Is the Atkins Diet Killing You?

When Dr Atkins published an updated version of his low-carb diet in 2001, it took the western world by storm. Everyone with weight to lose was trying out his new diet theory. He advocated drastically reducing carb intake in bread, potatoes and sugar while permitting eat-until-you're-full quantities of bacon, meat, mayo and butter. It revolutionized eating for Americans who were raised on high-fat, carb-rich diets.

However, eating primarily protein and meat three times a day inevitably created some health issues in the long-term. Although low-carb choices were good for weight loss and management of diabetes, the lack of fiber was a concern to most health practitioners. It?s actually best if you add some fiber into your diet if you?re looking to lose weight. You can do this by eating lots of fruits and veggies or making a green drink using fresh produce and green supplements.

New Study shows the Importance of a Fiber-rich Diet

A new British study conducted at the School of Food Science and Nutrition at Leeds University analyzed a range of diet statistics collected from study participants in the USA, Europe, Australia and Japan. The study team, led by research postgraduate Diane Threapleton, looked at the participants' intake of total fiber, insoluble fiber, soluble fiber, cereal, fruit and vegetables.

The study also collected data from the participants on two types of heart disease as defined by the American Heart Association:

  • Coronary heart disease, which is defined by plaque buildup in the arteries that increase the risk of a heart attack
  • Cardiovascular disease, which covers all types of heart conditions associated with the cardiovascular system including the heart and blood vessels. This also covers strokes, heart attacks and heart failure.
The study found that those who had a diet high in fiber (total fiber, insoluble fiber, fruit and vegetables) had a lower risk of both types of heart disease.

Those who ate most soluble fiber had a lower risk of cardiovascular disease rather than coronary heart disease.

Participants who ate most cereal fiber had a reduced risk of coronary heart disease rather than cardiovascular disease.

The study concluded that good all-round fiber intake was proven to lower the risk of both types of heart disease. Unfortunately, as the Atkins diet includes very little fiber, it offered no protection against America's leading cause of death - heart disease.

Increase Daily Fiber Intake by 7 grams

Further findings were published in the British Medical Journal and showed that for every 7 grams of fiber consumed, there was a lower risk of both coronary heart disease and cardiovascular disease. The recommended daily intake for fiber is between 20 and 38 grams per day, according to various different sources.
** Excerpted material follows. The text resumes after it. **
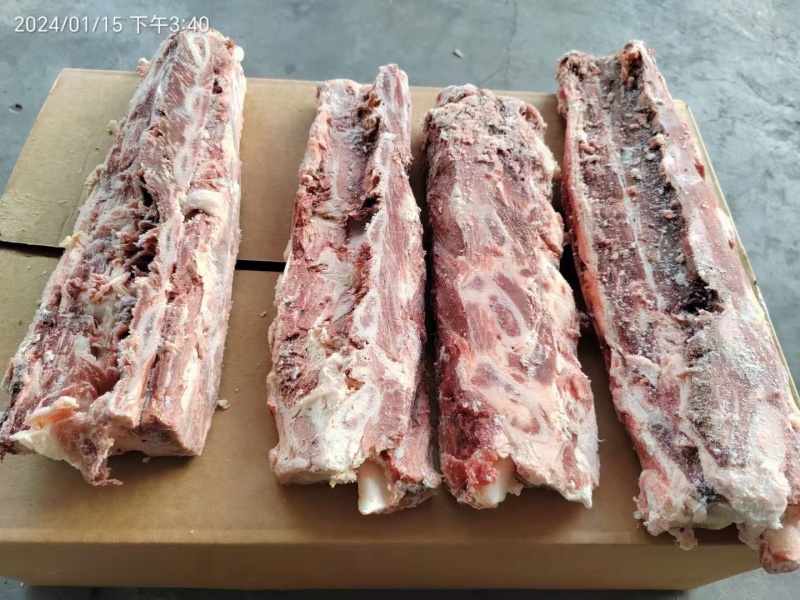 牛龙骨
However, very few people enjoying a western diet come anywhere close to meeting these quantities. Dr White, an assistant clinical professor at Quinnipiac University in Hamden, Connecticut commented, "This may seem like a tall order for most folks, but can be achieved by making some small dietary changes."

Adding just 7g of fiber to your diet can easily be achieved
by adding any of the following to your daily diet:

1 1/2 cups of cooked oatmeal (7 grams)
1 1/4 cups shredded wheat cereal (7 grams)
2 slices of whole wheat bread (7 grams)
1 large pear (8 grams)
1 cup raspberries (8 grams)
1/2 cup black beans (7.5 grams)
1 tablespoon  (green supplement)

Other high-fiber foods include barley, bulgur, millet, quinoa, brown rice, rye, oats and whole wheat, along with fruits, vegetables, nuts and seeds.

This simple lifestyle change, increasing your fiber by 7grams per day, could help reduce heart disease and benefit many thousands of people, according to the journal news release.